Open gdfiler opened 2 years ago
Thanks for raising this issue, and excellent catch. We'll need to decide what the behaviour should be here. My preference would be to tolerate the NA, dropping the point from the x-axis (the real world is messy and does occasionally contain unavoidable holes with missing data)
Reproducing the case with no NAs:
Reproducing the case with an NA:
The point_type column is calculated in the code below, which looks at both the special_cause_flag, and relative_to_mean columns. These are both NA, so line 29 is executed. https://github.com/nhs-r-community/NHSRplotthedots/blob/19424d38b59184863f01a54280270542e97bc491/R/ptd_calculate_point_type.R#L25-L30
The values for special_cause_flag and relative_to_mean columns are set here, so this is likely where the code to tolerate NAs will need to be added: https://github.com/nhs-r-community/NHSRplotthedots/blob/19424d38b59184863f01a54280270542e97bc491/R/ptd_spc_standard.R#L91-L97
The next stage is probably for someone to write a failing test. It would be worth also checking for other bugs that might be created by the other NAs that appear in that row.
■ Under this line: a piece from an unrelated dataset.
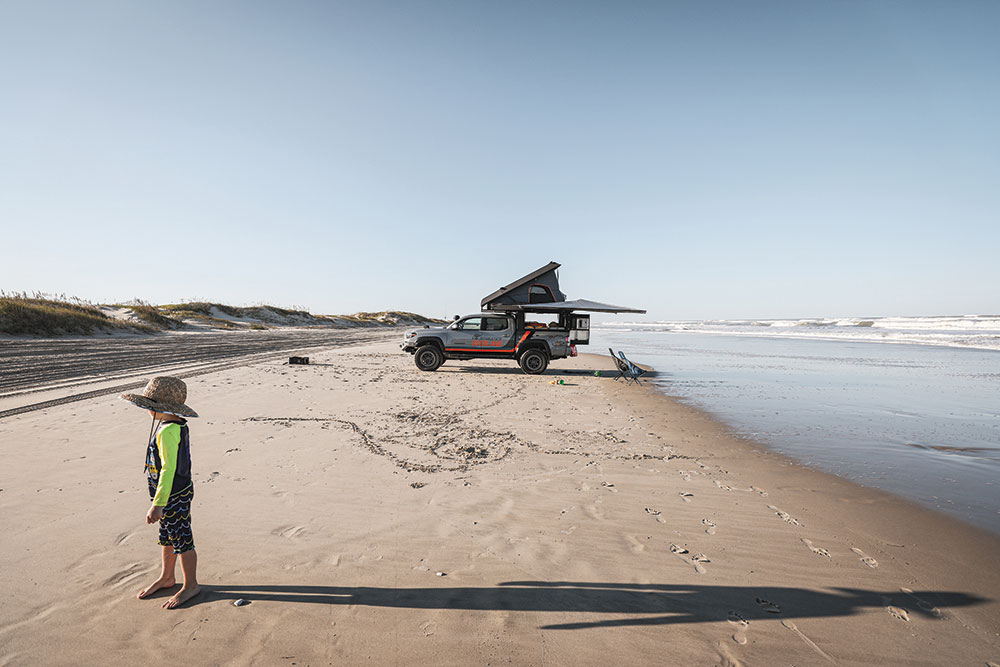 Truck is set up on the beach with a child in the foreground. 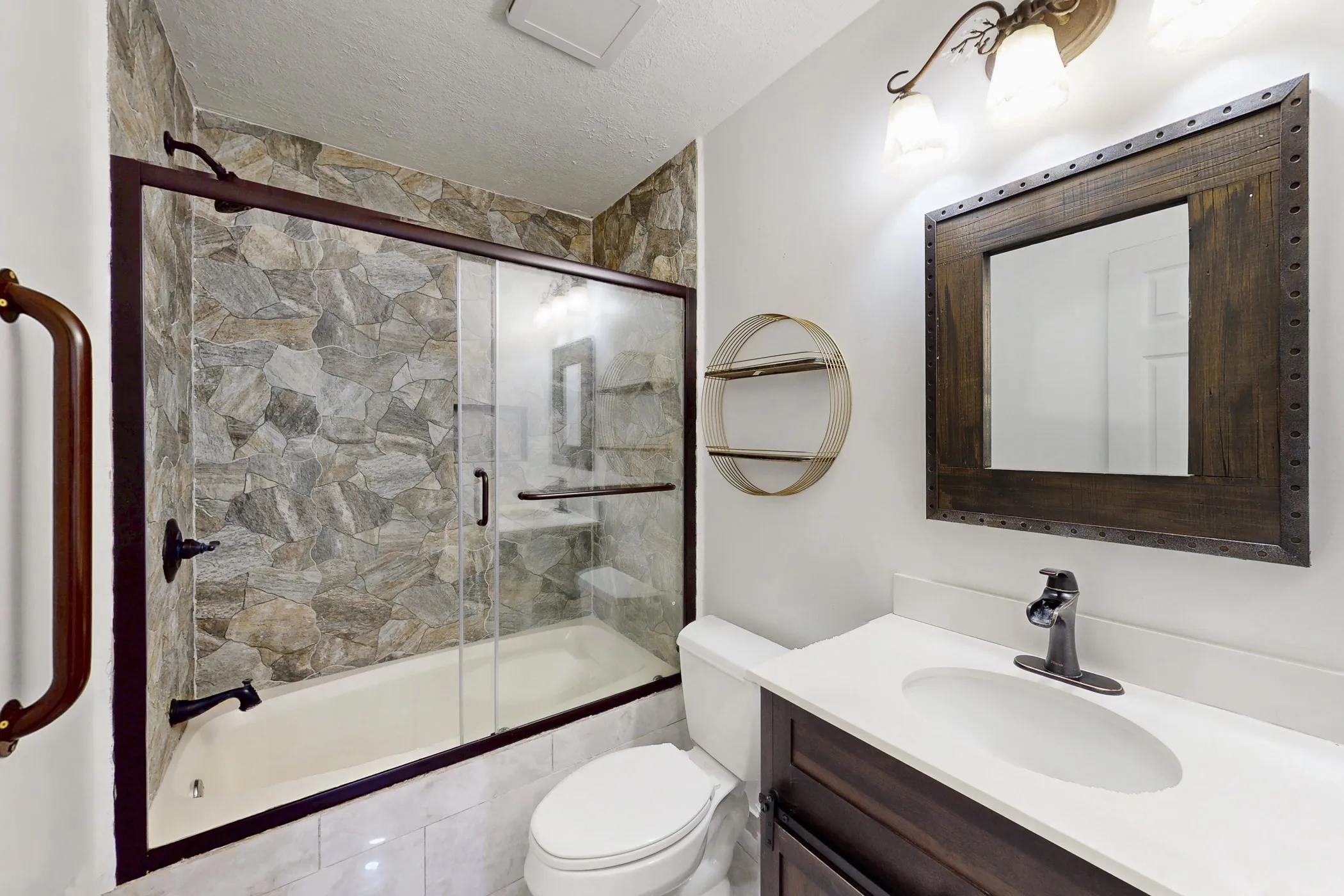 Bathroom featuring a tub/shower combination with stone-look tile surround and sliding glass doors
Just a note, that as a workaround, you can pre-filter the incoming dataframe to contain only dates with data. This gives a result with gaps in the x axis, which makes the missing data more obvious while not affecting the SPC logic.
data("ae_attendances")
stable_set <- ae_attendances %>%
filter(org_code == "RRK",
type ==1,
period < as.Date("2018-04-01"))
# remove some data
stable_set$breaches[stable_set$period==as.Date("2018-03-01")] <- NA
# removing more data in the middle of the plot, as an illustration
stable_set$breaches[stable_set$period==as.Date("2017-06-01")] <- NA
# filter to remove any dates with NAs
filtered_set <- stable_set %>% filter(!is.na(breaches))
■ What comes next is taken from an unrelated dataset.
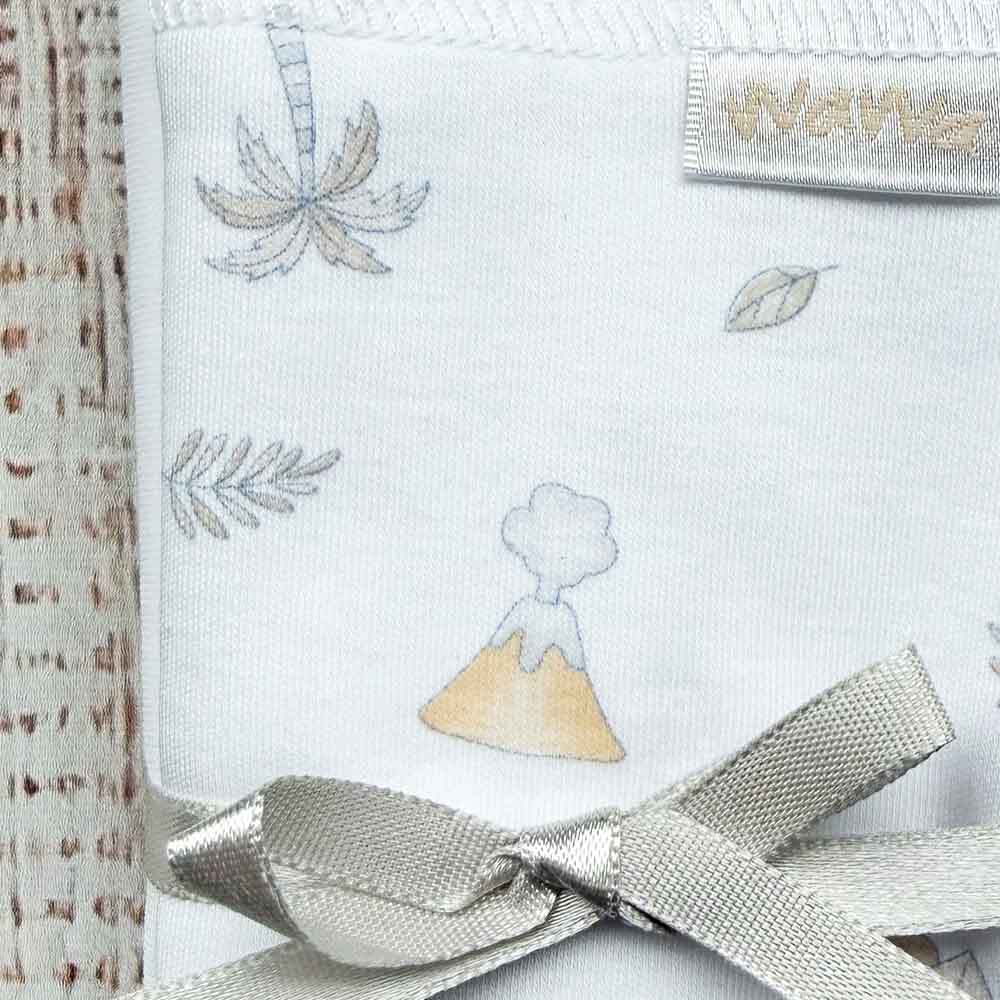 Tuto de tela blanca con estampado de dinosaurios y lazo gris cruzado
ptd_spc(filtered_set, value_field = breaches, date_field = period, improvement_direction = "decrease")
I am leaning towards not implementing any changes to tolerate or work around NAs. Perhaps we should throw a warning to prompt to user to look more closely at their data? The user is in control of the data being passed in.
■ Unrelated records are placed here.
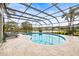 Inviting kidney-shaped pool with screened enclosure at 4339 Cheval Blvd, Lutz, FL 33558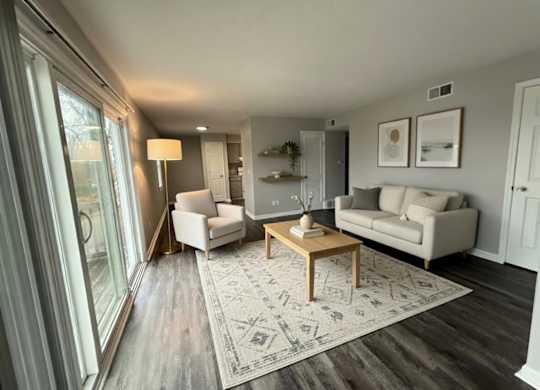 A living room with a grey carpet and a wooden coffee table.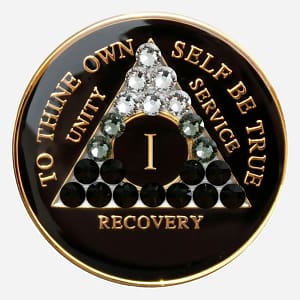 A black crystal AA medallion with a subtle black transition design using 21 crystals, featuring the AA symbol and sobriety year options.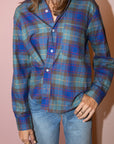 Blue plaid Cissa The Daily Shirt styled with light blue jeans, set against a pink background for a modern look.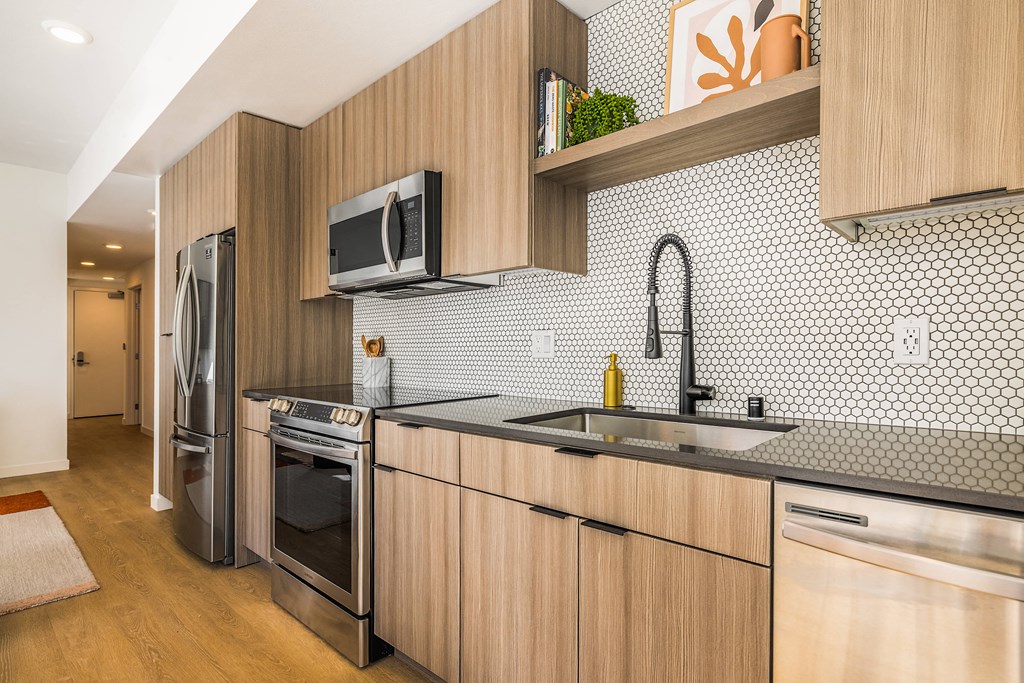 Two Bedroom Luxury Apartments in Downtown Oakland CA - Alice House - Modern Kitchen with Stainless Steel Appliances, Hexagonal Tile Backsplash, Wood-Style Cabinetry, Storage Shelving, and Hardwood Style Flooring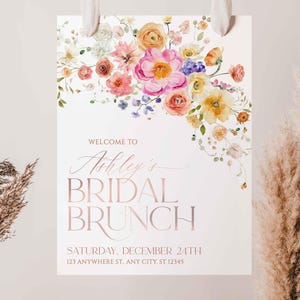 May include: A white rectangular sign featuring a watercolor floral arrangement in shades of pink, yellow, and orange at the top. The text reads: WELCOME TO Ashley's BRIDAL BRUNCH SATURDAY, DECEMBER 24TH 123 ANYWHERE ST, ANY CITY, ST 12345.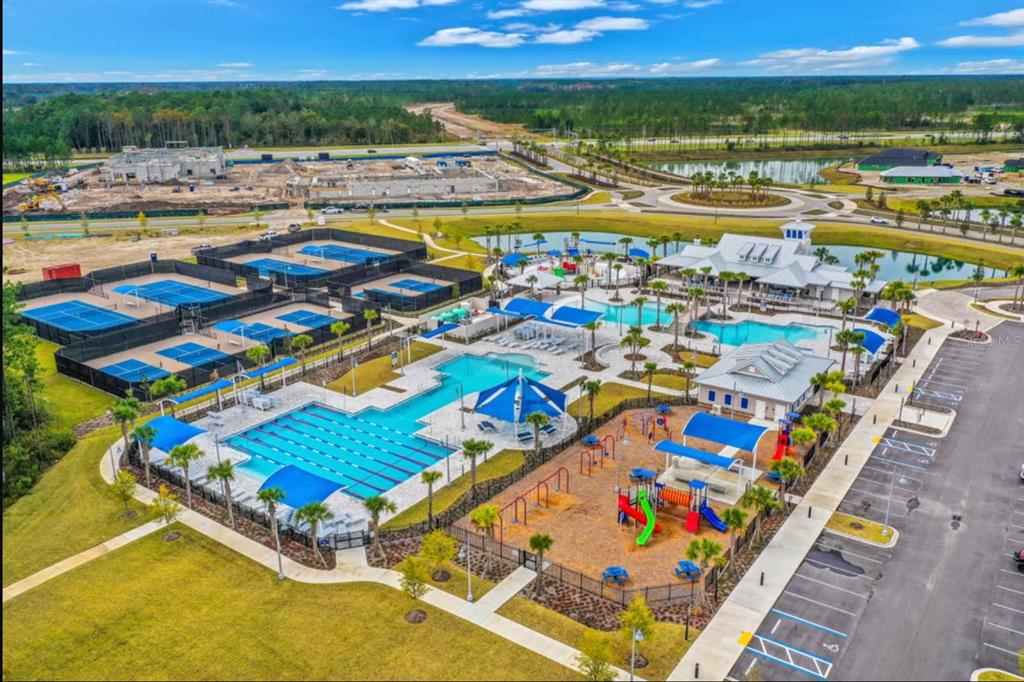 An aerial view of a community recreation center featuring swimming pools, tennis courts, and playgrounds — 333 BROOK FOREST DRIVE, ST AUGUSTINE, FL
Open to thoughts from others...
If I recall correctly, the documentation clearly states to not include NAs. I had read the documentation but still accidently included them so I like the idea of a warning when NAs are present to prompt a check of the data.
When NAs are included there is a risk that the users without experience of SPC may interpret the false special cause flags as real. If an error message will mitigate that risk then all good.
I think the best solution here would be to have a check along the lines of stopifnot(all(!is.na(x_values))
[pseudocode]. The error message should suggest to use tidyr::drop_na(x_values)
explicitly.
I don't like the idea of doing implicit dropping of values... the logic would be a mess (if there are no NA's, do nothing. If there are, drop na's but give a warning). I think the cleanness of raising an error but telling what to do to fix the issue is best.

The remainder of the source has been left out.